→ **YOUR ASSIGNMENT**
For every line in the material, output its text exactly and exclude any image it holds.

→ **EXERCISE DATA**

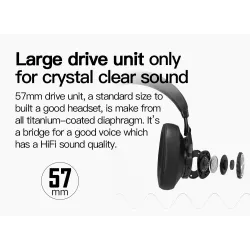 Bluedio 7th - wireless headphones - Bluetooth - noise cancelling - with microphone / voice controlEar- & Headphones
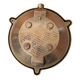 Lampada a Paratia Nautica Vintage in Ottone Massiccio – Stile Industriale A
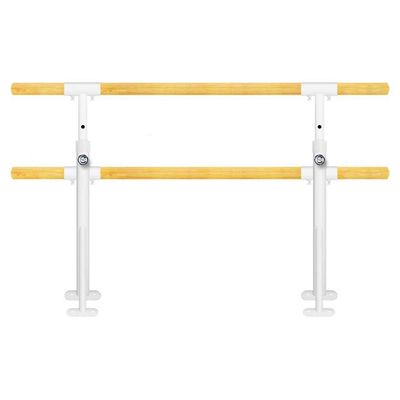 Ballet Barre for Home Portable Ballet Bar Floor Mounted Barre Bar Adjustable Height Home School Studio Gym Dancing Double Bar Dance Barre Pole Freestanding Adjustable Bar for Stretch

→ **REPLY**
 Bluedio 7th - wireless headphones - Bluetooth - noise cancelling - with microphone / voice controlEar- & Headphones
 Lampada a Paratia Nautica Vintage in Ottone Massiccio – Stile Industriale A
 Ballet Barre for Home Portable Ballet Bar Floor Mounted Barre Bar Adjustable Height Home School Studio Gym Dancing Double Bar Dance Barre Pole Freestanding Adjustable Bar for Stretch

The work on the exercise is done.